▶ INPUT DATA:
- Opening Delimiter -
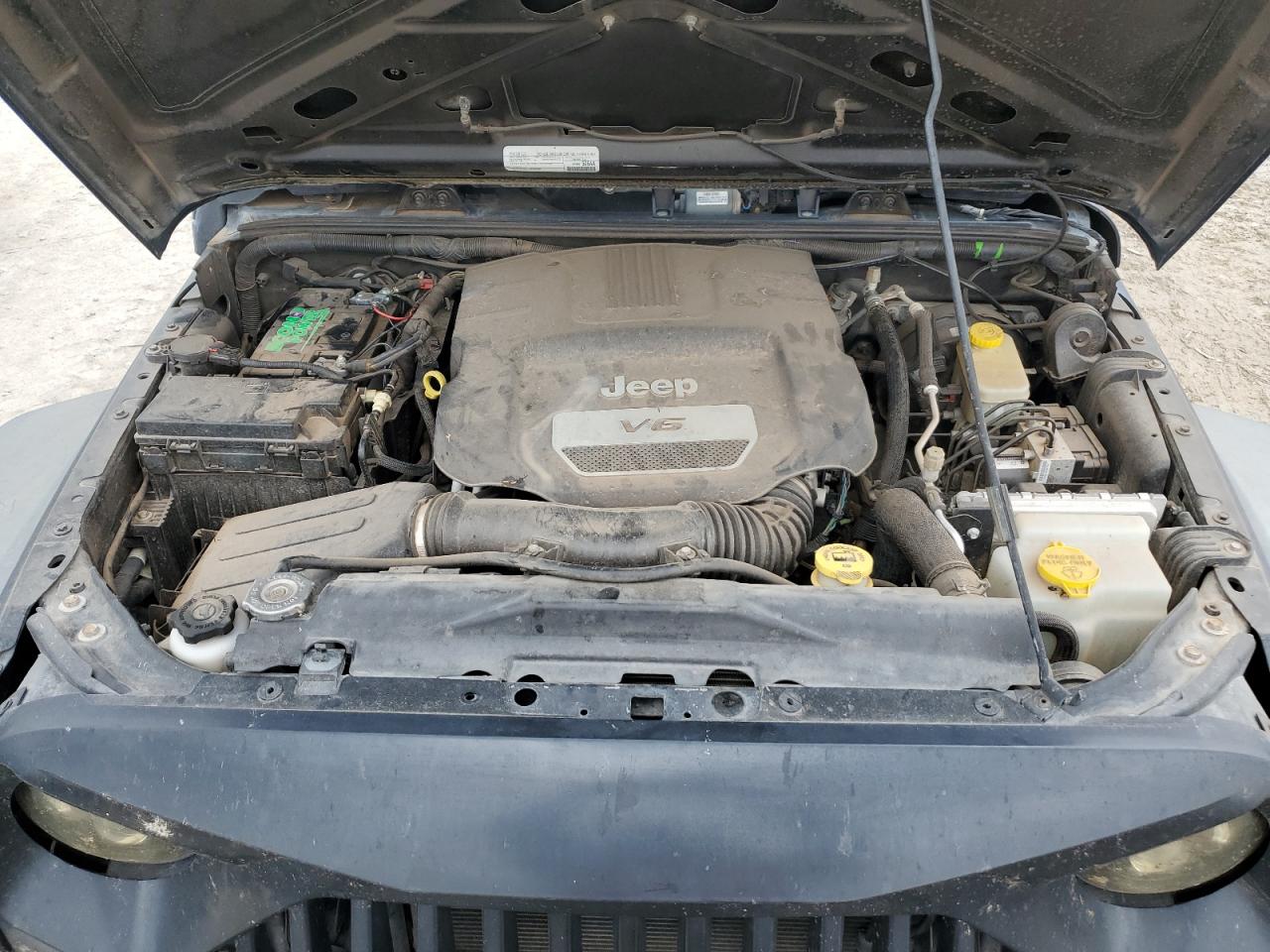 1C4BJWDG4GL116164 2016 Jeep Wrangler Unlimited Sport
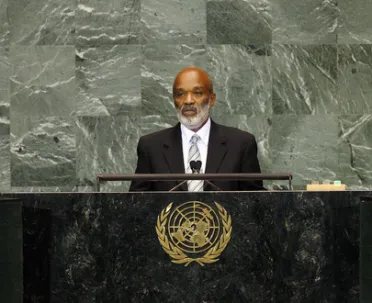 Portrait de (titres de civilité + nom) Son Excellence René Préval (Président), Haïti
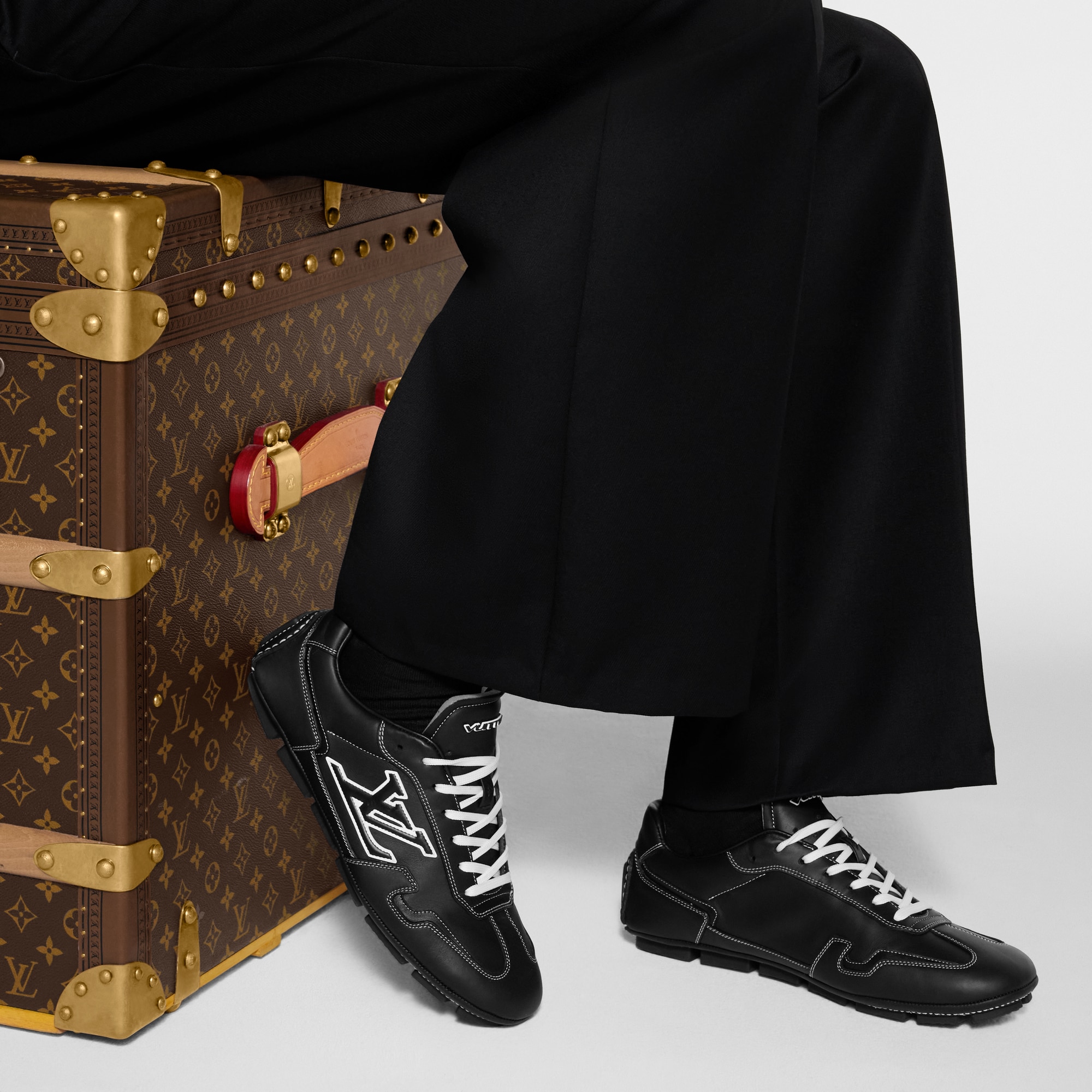 Giày Thể Thao LV Rally  in Đồ Nam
- Closing Delimiter -
▶ REQUIREMENT:
What this calls for is the material above set down exactly, pictures excluded.

▶ RESPONSE:
 1C4BJWDG4GL116164 2016 Jeep Wrangler Unlimited Sport
 Portrait de (titres de civilité + nom) Son Excellence René Préval (Président), Haïti
 Giày Thể Thao LV Rally  in Đồ Nam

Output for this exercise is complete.